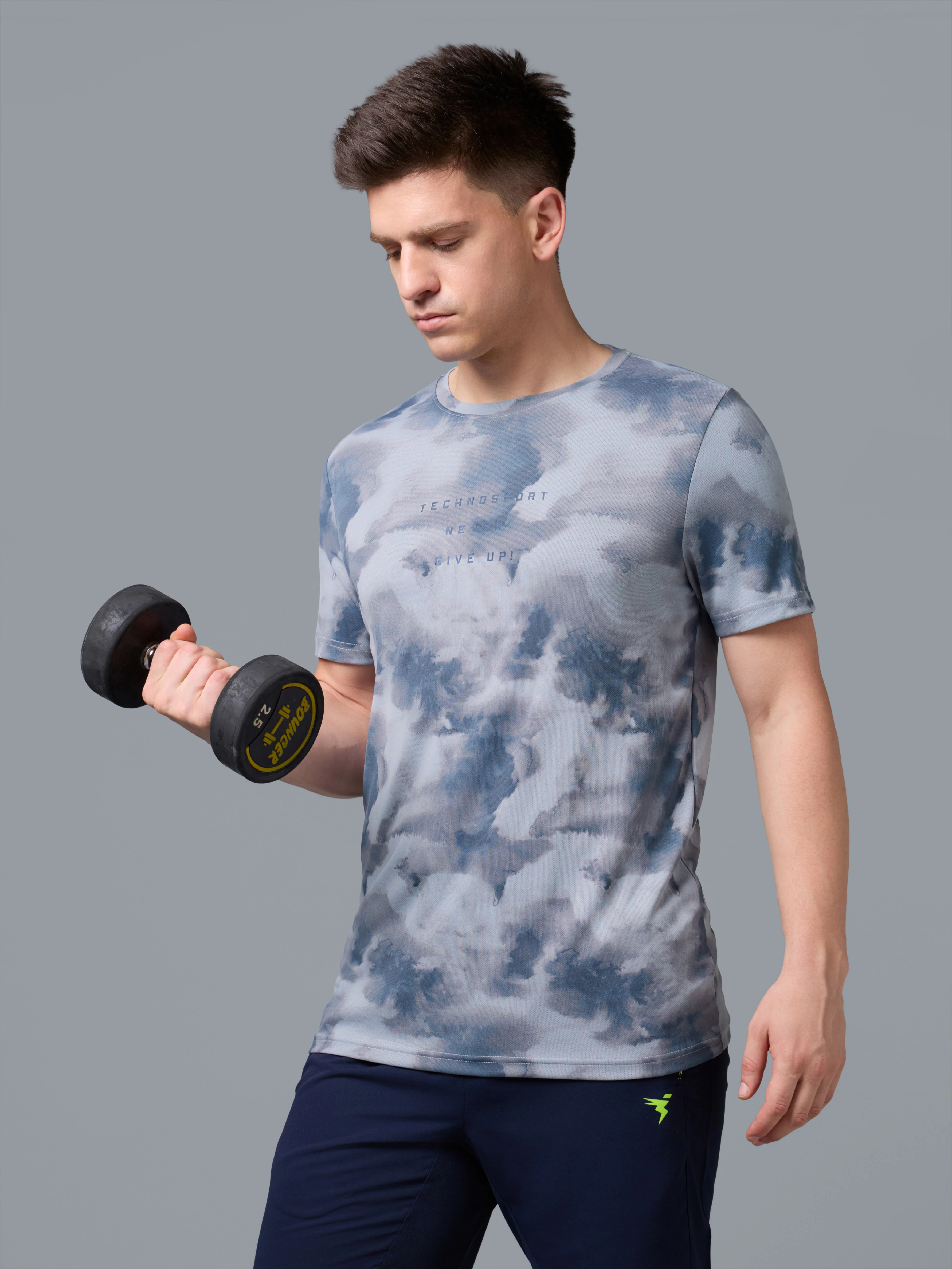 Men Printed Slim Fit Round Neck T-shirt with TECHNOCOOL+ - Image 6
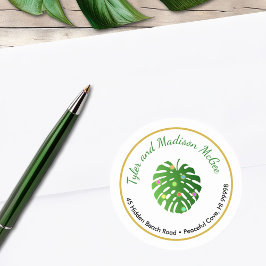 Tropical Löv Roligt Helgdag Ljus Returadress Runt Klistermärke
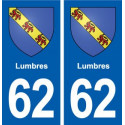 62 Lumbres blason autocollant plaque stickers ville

◇ ◇ ◇

About this task: Write out the line that contains "Tropical Löv Roligt" and every line after it to the end of the data, exactly as they stand. Omit the pictures.

Final answer:
 Tropical Löv Roligt Helgdag Ljus Returadress Runt Klistermärke
 62 Lumbres blason autocollant plaque stickers ville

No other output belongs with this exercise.